February 14, First Sunday in Lent: Luke 4:1-13
One of the many patterns discernible in the Revised Common Lectionary is a shift from year to year in the people the Lenten texts focus on. Year A is most interested in the spiritual growth and development of new believers. In Year B, the ranks of the faithful—those deepening their relationship to Jesus Christ and at home in the church—are the focal point. This year, Year C, draws attention to those who are alienated from Christ and the church.
My husband and I are Year B people living among Year B people. We live in the bosom of community. We walk about two blocks to worship in a building that also houses my husband’s massage practice. I have only a mile to travel to work (by car more often than I care to admit). Child care for our son is usually free or bartered and includes a doting auntie and grandparents. We are revitalizing the soil in the yard, helping it become more fertile and productive. We and our friends are part of an active local community of locavores, dumpster divers, and cultural creatives.
In Year C, as in Year A, the Gospel reading for the first Sunday in Lent begins with Jesus’ sojourn into the wilderness, culminating in his temptation by Satan. We do not hear Mark’s celebratory words from Year B that first proclaim Jesus’ belovedness at his baptism, enabling him to withstand his adversary. So it’s not immediately clear what the good news is for my friends and me in Luke 4:1–13.
In her theological commentary on this passage in Feasting on the Word, Lori Brandt Hale suggests that what makes this episode of temptation theologically significant for both Jesus and us is his steadfast refusal to betray his commitment to God’s mission. “His responses come with the full knowledge that obedience to God will bring persecution, misunderstanding, and the cross,” Hale writes. Sharon Ringe’s exegetical comment in the same volume supports this reading, noting that Jesus is facing more than temptation—more than the wish to do something desirable but unwise, like taking an extra helping of dessert. Jesus is facing testing (peirasmos) of the will: the will to feed the hungry, rule the world with justice, and serve God faithfully. Can he affirm the wisdom of Deuteronomy 6:16, “Do not put the Lord your God to the test”?
Church folks often succumb to the temptation of certainty. This can lead to the betrayal of other people—betrayal is one of the things that paves the way out the church’s door for my friends who are Year C people. Testing, on the other hand, is a real issue for Year B people. We become so comfortable with our faith-formed habits and steady presence—prayer, weekly worship, hospitality, and nurturing community—that we don’t always recognize interactions that test us. As Ringe wonders, have good things lured us into following a cozy Christ?
Ringe’s incisive analysis gives us a window into the narrative themes Luke uses to help us see what it looks like to live a Spirit-empowered life. As Luke tells his readers the Jesus story, he shows us that even though Jesus does not turn stones to bread at Satan’s invitation, he feeds those who hunger. Even as Jesus says no when Satan offers him political power, a vision of God’s all-encompassing reign of shalom is at the heart of Jesus’ ministry. Satan prods Jesus to leap from the temple and count on angels to stop his fall; Jesus, Ringe explains, “goes to the cross in confidence that God’s will for life will trump the world’s decision to execute him.”

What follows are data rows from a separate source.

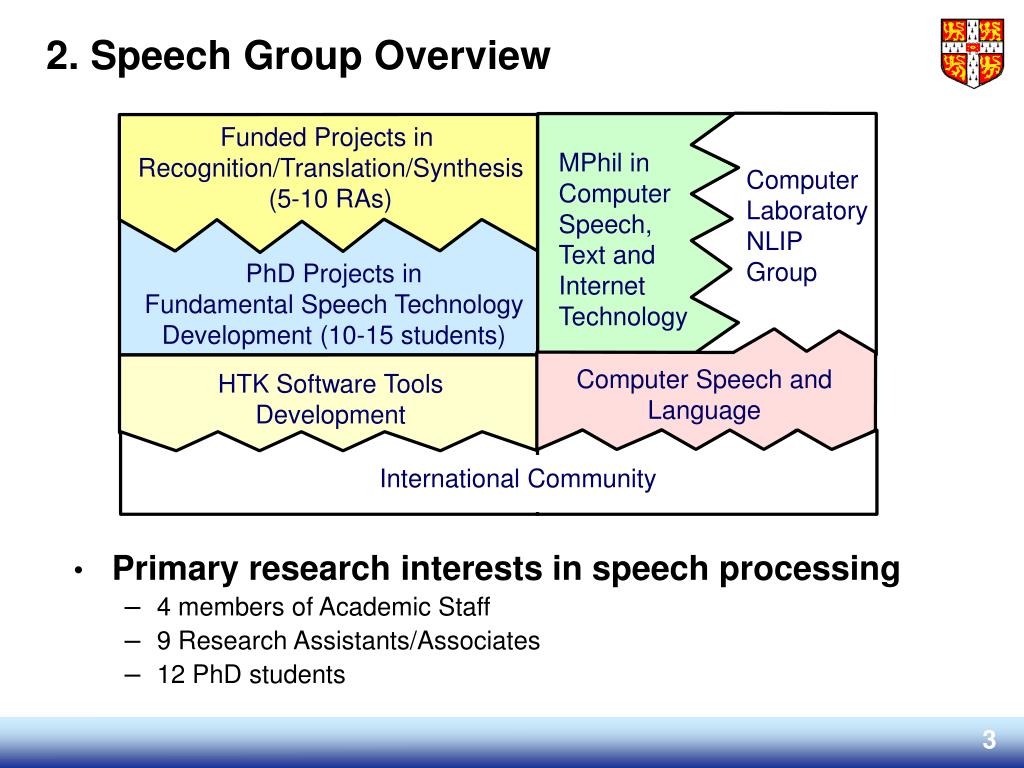 speech group definition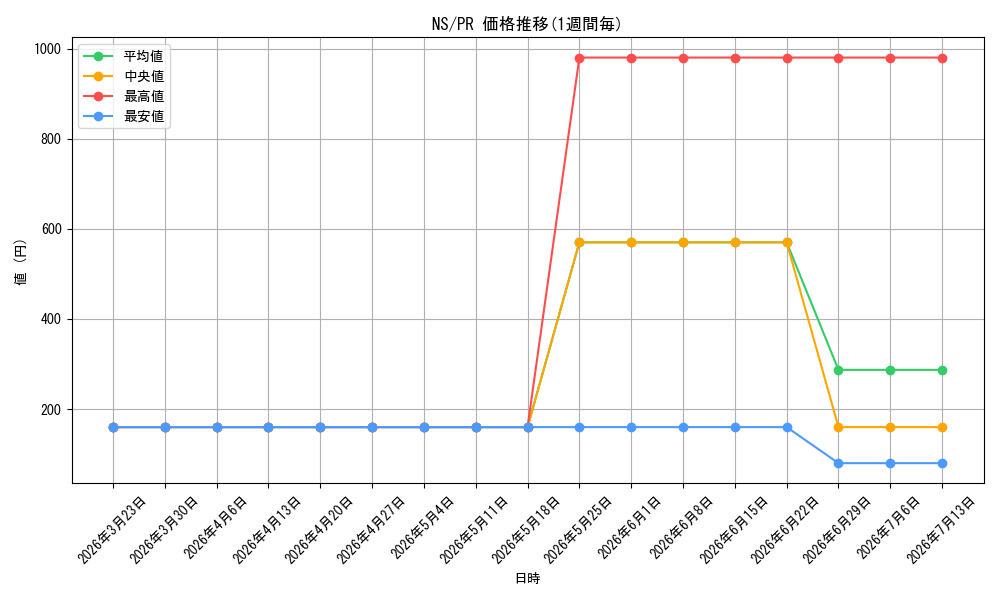 series_468744_rarity_557136_graph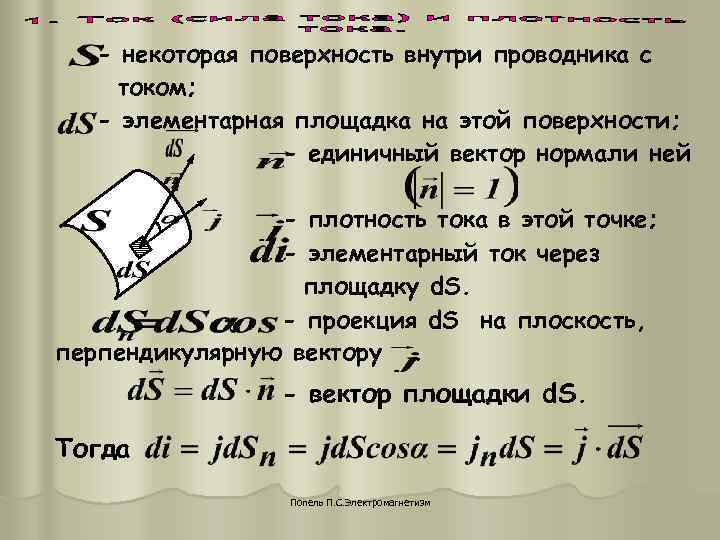 - некоторая поверхность внутри проводника с током; - элементарная площадка на этой - некоторая поверхность внутри проводника с током; - элементарная площадка на этой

T. S. Eliot’s verse drama Murder in the Cathedral chronicles the assassination of Archbishop Thomas à Becket by King Henry II’s knights. The archbishop faces four tempters. The first urges him to consider his own safety and “leave well alone” lest his “goose be cooked and eaten to the bone.” The second tells him that if he aligns himself with the king, he will receive the benefits of wealth and political power. Tempter three advises him to forge an alliance with the local barons to resist the king and “fight for liberty.” Finally, the prospect of martyrdom rears its head as the fourth tempter declares,
You hold the keys of heaven and hell.
Power to bind and loose: bind, Thomas, bind
King and bishop under your heel.
Here is Thomas’s reply:
Now is my way clear, now is the meaning plain:
Temptation shall not come in this kind again.
The last temptation is the greatest treason:
To do the right deed for the wrong reason.
What if we reframed our Lenten discipline to tune into the moments when we do the right things for the wrong reasons? This is, I think, in keeping with Jesus’ advice to us in the Ash Wednesday reading from Matthew 6, about how we inhabit our piety. Being a Year B sort of Christian in Year C gives me a chance to scrutinize the rationales I use for my lifestyle choices. I may have the right answer to an ethical question yet fail the real test: following Jesus wherever he might lead me.